Ты жил, жил все понимал,
Имел цели, ясные и простые
И вдруг отчего-то осознал
Что все может рухнуть от
Шелеста крыльев бабочки.
Ты одинок гол и беззащитен
Что все, кто до этого давал надежду
Не дают надежду
Что все, кто до этого считались авторитетами
Авторитетами не являются.
Люди привыкшие к атомарному разумному существованию
Не могли рационально объяснить происходящее.
Не слушать же церковников,
Что идет апокалипсис
И ещё, эта жара, эта удушающая жара.
И вот сейчас, когда температура
Вдруг опустилась до 20 градусов,
И наступило облегчение,
Он вдруг осознал, что верить он не может
И не верить он не может.
Какой-то гребанный даосизм.


Если Булгаков заметил философские изменения в москвичах в связи с квартирным вопросом, то Чубайс одарил их имуществом бабушек и дедушек, которое они радостно сдают приезжим. От этого образовалась крепкая прослойка никогда не работающих, но сносно существующих. Я сам слышал как мой сосед бахвалился во дворе, что слава богам, не трудится уже 20 лет. Весь этот элемент уже с утра окупирует лавочки моего двора. У них хорошее настроение, оптимистичный взгляд на мир, баян и горячительные напитки. Они будут всегда поддерживать в моей стране власть имущих, потому что власть имущие позволили им ничего не делать. Если долго сидеть у окна то вплоть до глубокой ночи можно прослушать Мурку, Владимирский централ, Чёрный ворон и Переведи меня через майдан. Таджики, живущие в нашем доме, боятся с ними вступать в перепалку, как люди приезжие и лишённые прав. Одна надежда на старшего по подъезду Борю, у которого двое маленьких детей, но даже под его окрики они могут радоваться жизни вплоть до часа ночи. Хлеба и зрелищ, хлеба и зрелищ.

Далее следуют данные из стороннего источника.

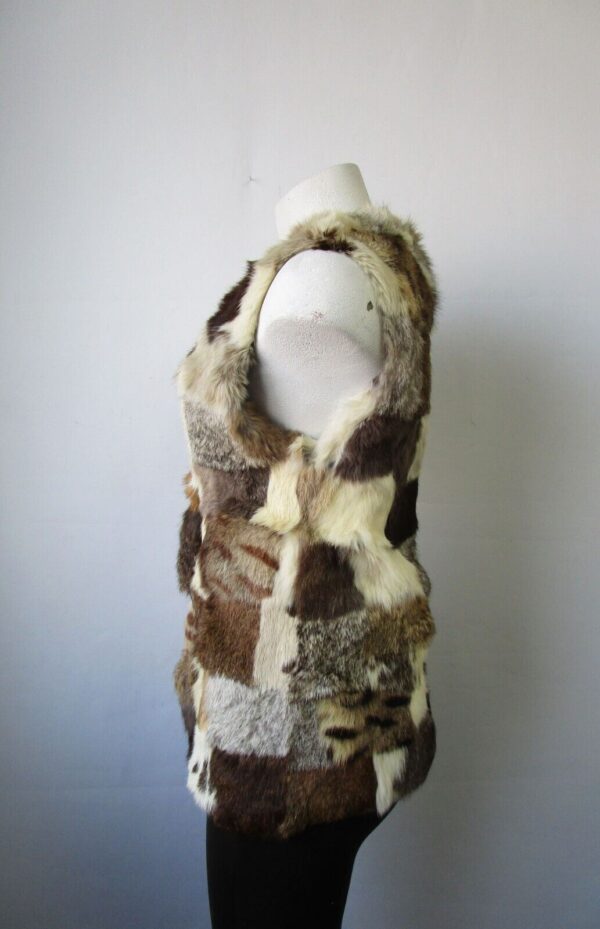 Women's Sz XS Multi Color Rabbit Fur Vest Woman MINT - Image 3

У мамы двор знаменитый. Он выиграл конкурс на самый лучший двор Орехово-Зуевского района. Там есть бетонный слон, бетонный крокодил, чебурашка, жираф, павлин, ёжик и черепаха, розы, тюльпаны, орхидеи, гладиолусы, ещё какие-то кусты. Все это сделал один человек - Дарья Петровна. Каждое утро Дарья Петровна поливала цветы, стригла траву, белила своего слона и украшала чебурашек. Отвлекал её от этой важной деятельности только её муж Стасик. Когда Стасик впадал в запой, то Дарья Петровна ухаживала не за цветами, а за Стасиком, если честно существом никчемным. Но к сожалению человек смертен, особенно в эпоху пандемии. Дарье Петровны не стало. Все пришли в отчаяние, как от факта смерти, так и от того, что теперь двор пропадёт. Ни на кого надежды не было, но неожиданно её пьющий муж Стасик бросил пить и стал вместо Дарьи Петровны поливать цветы. Вот сейчас я сижу на скамейке и наблюдаю, как в неимоверную жару Стасик в одних семейных трусах поливает огород, который ему оставила Дарья Петровна.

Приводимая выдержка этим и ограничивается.